The Braves would battle back to tie the game in the bottom of the fourth. Alex Gonzalez started it with a homer, Michael Bourn singled in Jason Heyward, and a bases loaded ground out by Dan Uggla tied it at four. The game remained scoreless until the seventh, when Freddie Freeman, who came into the game in a double switch early on, singled in Gonzalez to make it 5-4. Jonny Venters handed that lead right back, though. Venters sandwiched a pair of walks around a single to load the bases, and another walk to RONNY BLEEPING PAULINO tied the game at five. Tejada was next up, and he blooped a single into right to give the Mets the lead. Heyward threw a missile at the plate to nail another runner at the plate to stop it from being a 7-5 game. But that didn't matter, because the Mets got a solo homer in the ninth from Lucas Duda off Craig Kimbrel (!!!!) to make it 7-5. The offense threatened in the ninth, putting two on with one out, but a pair of ground outs ended the game.

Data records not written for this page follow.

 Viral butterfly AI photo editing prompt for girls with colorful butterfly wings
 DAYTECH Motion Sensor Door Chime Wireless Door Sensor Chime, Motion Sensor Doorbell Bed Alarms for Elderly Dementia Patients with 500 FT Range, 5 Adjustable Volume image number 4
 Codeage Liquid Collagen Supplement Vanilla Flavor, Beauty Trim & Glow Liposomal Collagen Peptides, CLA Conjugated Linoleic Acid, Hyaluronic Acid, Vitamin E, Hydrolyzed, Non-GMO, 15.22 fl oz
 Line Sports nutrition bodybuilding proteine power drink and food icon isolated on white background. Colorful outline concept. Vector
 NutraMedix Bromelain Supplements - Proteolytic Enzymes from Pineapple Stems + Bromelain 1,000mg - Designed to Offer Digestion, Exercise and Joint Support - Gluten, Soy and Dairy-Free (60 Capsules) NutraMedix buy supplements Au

This one was on the pitching staff. The Braves offense scored five runs and pounded out 12 hits. That should be enough. Sure, they should have had more, going 3/15 with runners in scoring position and stranding 15. But good lord, the team blew two leads in this one; one by Beachy, and one by Venters. The Braves pitching staff wasn't sharp against a Mets lineup that didn't have Jose Reyes in it. They walked eight hitters. EIGHT. Cristhian Martinez and Eric O'Flaherty did a good job at shoring up the game once Beachy exited, getting eight outs without allowing a baserunner. Hell, all five of Martinez's outs came on the ground. Venters has a 5.40 ERA in September, walking seven and striking out ten. He's as tired as a dog, with now 84 innings pitched on the year. But as long as the team is playing close games, he's going to get used. I just hope we don't keep seeing meltdowns like today.

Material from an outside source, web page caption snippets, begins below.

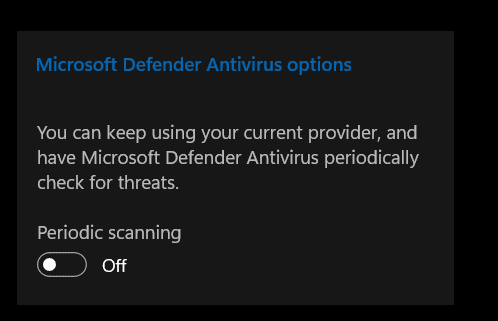 Opciones del antivirus Microsoft Defender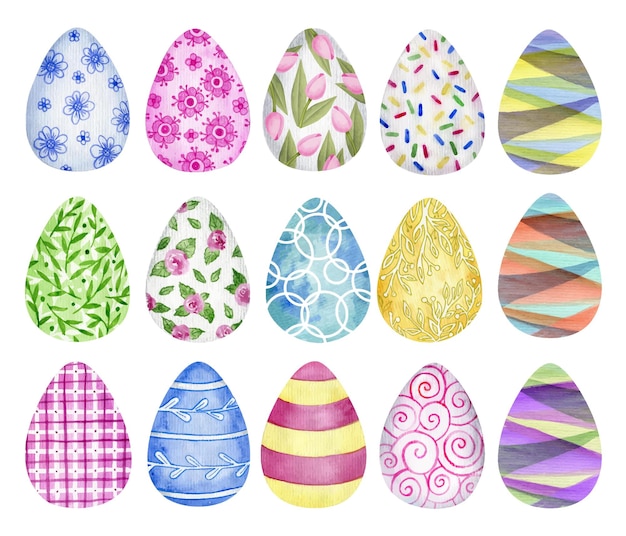 Huevos de Pascua colección decorada geométrica y floral Conjunto de imágenes prediseñadas dibujadas a mano de acuarela Elementos de diseño de Pascua para invitación de impresión de postal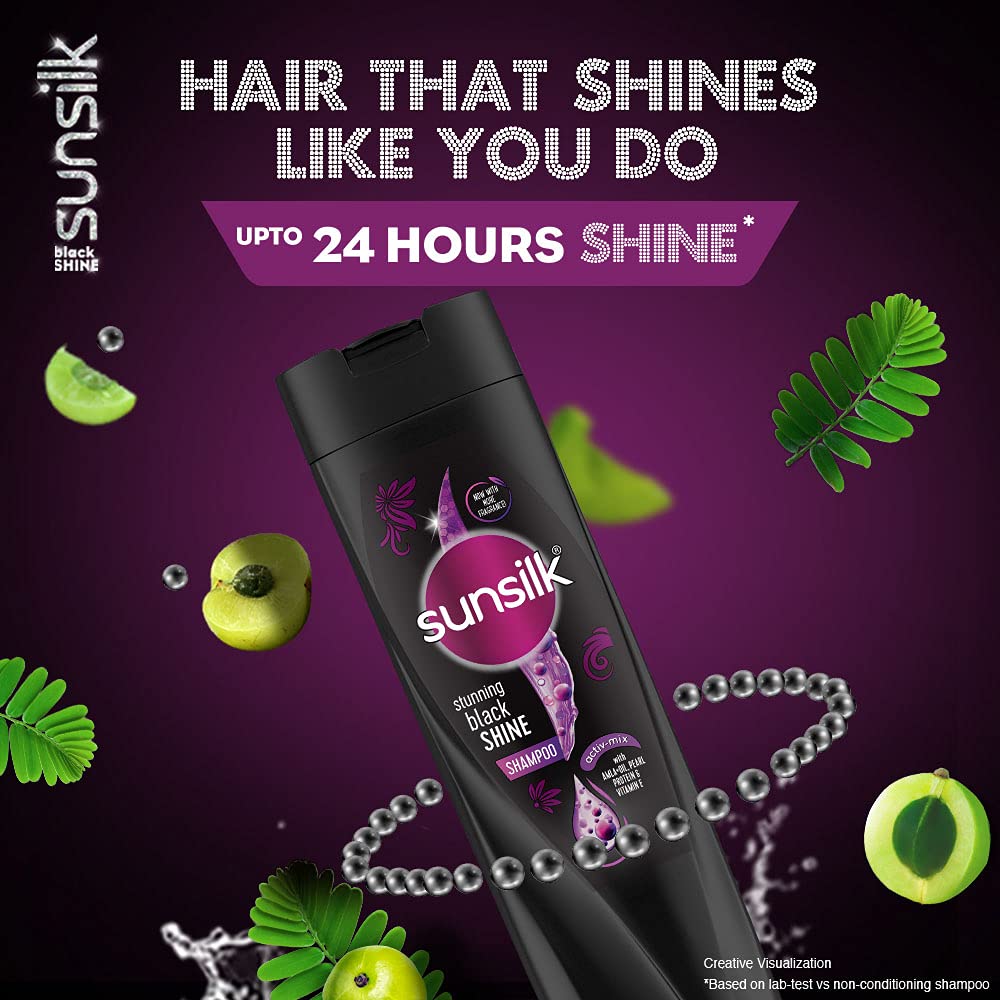 Sunsilk Stunning Black Shine Shampoo 360 ml, With Amla + Oil & Pearl Protein, Gives Shiny, Moisturised, Fuller Hair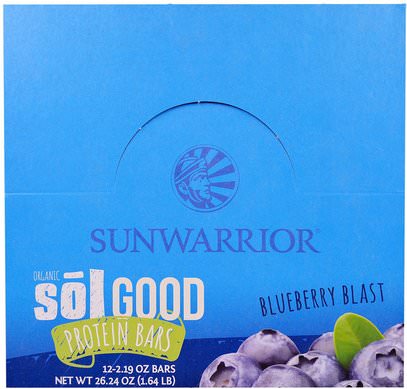 Sunwarrior, Organic Sol Good Protein Bars, Blueberry Blast, 12 Bars, 2.19 oz Each ,المكملات الغذائية، البروتين، بروتين الرياضة، الرياضة، بروتين أشرطة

Offensively, like I said....the team was fine, but could have been better. Heyward reached base four times in five plate appearances, as did Chipper. Freeman reached three times after not starting the game. Gonzalez, Uggla, McCann and Bourn each reached twice. So what the hell was the problem? Crappy luck. Many of the hitters reaching base did so with walks as opposed to hits. Not that I really mind all that much, but some hits with runners in scoring position would help out a ton. Diaz started against a righty, saw six pitches, and got one hit. He was double switched out for Freeman, who was productive all day. I would have liked to have seen what would have happened if Freeman played all day as opposed to just for the back end of the game. It also would have been nice for Heyward to be hitting higher in the lineup. He reached base four times today, and has reached in 20 of his last 43 plate appearances since being given the first two games off in the Philly series. Gonzalez has been solid with the bat, but Diaz? Matt Diaz, who is 5/20 with one walk and no extra base hits since coming back to Atlanta? Come on Fredi, you're smarter than that.

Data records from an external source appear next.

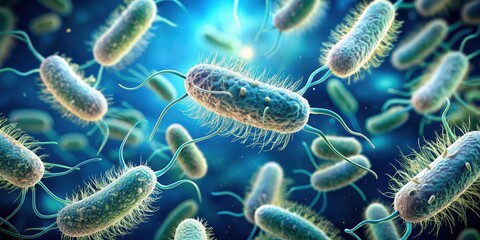 Pseudomonas aeruginosa bacteria with flagella forming a biofilm on a surface, microbial community, Pseudomonas aeruginosa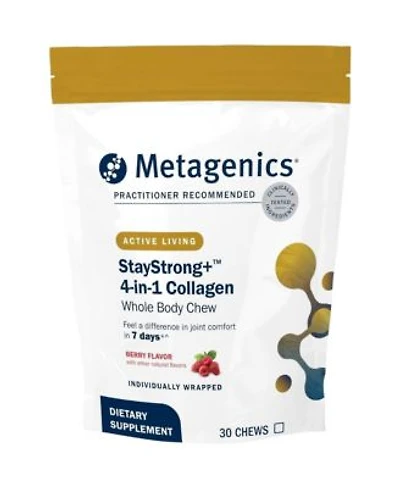 Metagenics Staystrong Plus 4 In 1 Collagen Whole Body Chew Multi Collagen Peptides Uc Ii For Joint Skin Nail Support Berry Flavor 30 Chews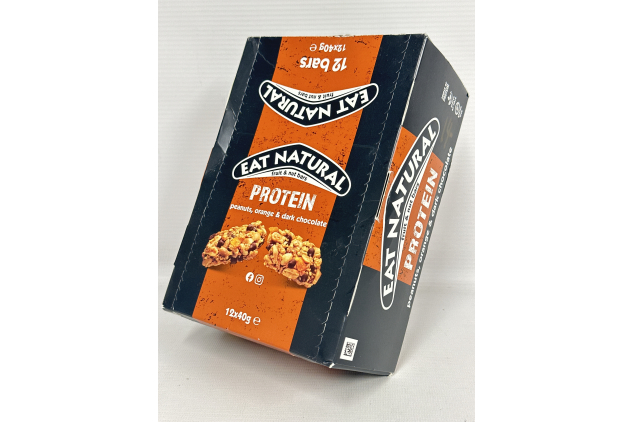 Eat Natural Protein Bars - Peanuts, Orange & Dark Chocolate - 12 x 40g Bars, High Protein, Gluten Free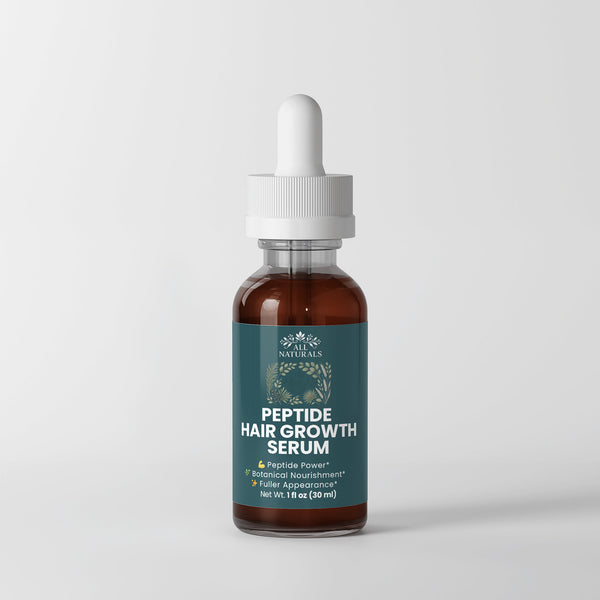 Peptide hair growth serum bottle with dropper on a light gray background

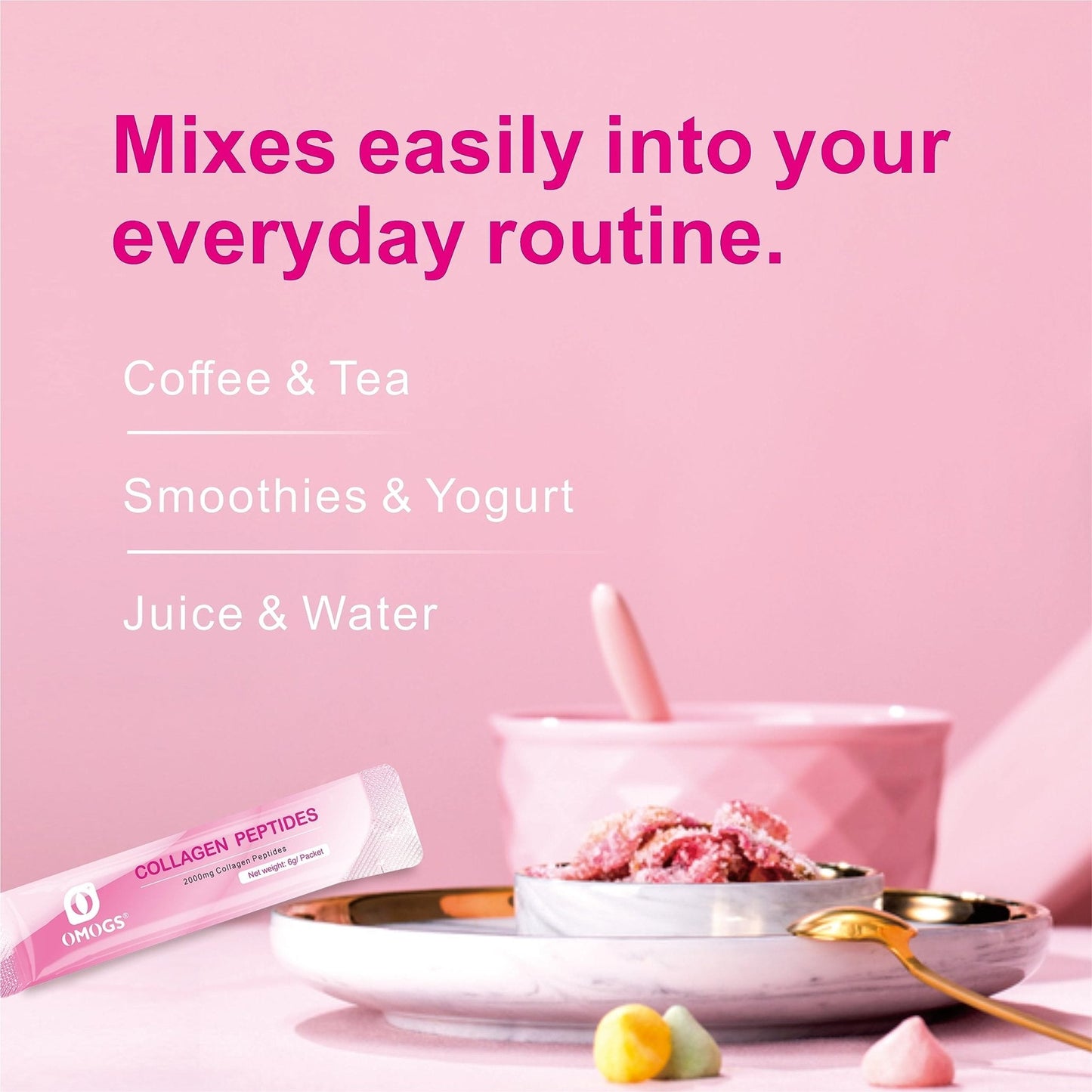 OMOGS Collagen Peptides Powder, with Prebiotics & Cranberry Extract -Hydrolyzed Collagen Peptides Support Hair, Skin, Nail, Bone & Digestive Health - Maple Wellness Supplements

The magic number is still seven, and it's not going to get any easier as the Braves head to Miami to take on the Marlins for the final time this season. Why isn't it easy? Their three starters are Nolasco, Sanchez and a white hot Javier Vazquez. The Braves three starters are a pair of rookies (Minor and Delgado) and the incredibly ineffective Derek Lowe. The Braves need to take two outta three here. That would cut the magic number to five at the lowest, with the Cardinals still having two in Philly and then three with the suddenly hot Mets. This will be an odd situation, cheering for the Phililes and Mets in the same week....but here we are. I'd really like to get this wild card locked down before heading home next week for three against the Phillies. Make it happen, Braves.
WP: Hudson (15-10)
LP: Dickey (8-13)
SV: Kimbrel (45)
This game can be summed up in two words: Tim Hudson. The Braves starter was absolutely electic today, throwing eight shutout innings, allowing four hits and two walks, and striking out a season high ten. After two poor starts in a row, it was a great rebound for the veteran. Hudson also got 11 ground ball outs and threw first pitch strikes to 13 of 29 hitters. Craig Kimbrel finished the one run victory off by striking out the side on 16 pitches in the ninth, getting whiffs on five pitches. That's how you do it.
Offensively, the team continued to struggle. RA Dickey was nearly as good as Hudson, allowing just three hits on the day, but walking six hitters. The walks didn't catch up with him until the eighth inning, when Jason Heyward led off the inning with a walk, moved to second on a sacrifice, and to third on a ground out. Dickey then walked Martin Prado to bring up Mets-killer Chipper Jones, who drove the stake deep again with a single to center field. Dan Uggla would walk to load the bases and give the Braves a chance for some more insurance, but Tim Byrdak came in and got Brian McCann to pop out to end the frame. Two of those three hits went to Jones, who's OPS on the season is up to .835. He doesn't look done at all. Freddie Freeman walked twice, and Prado added a single to his walk, back in his customary second spot in the order.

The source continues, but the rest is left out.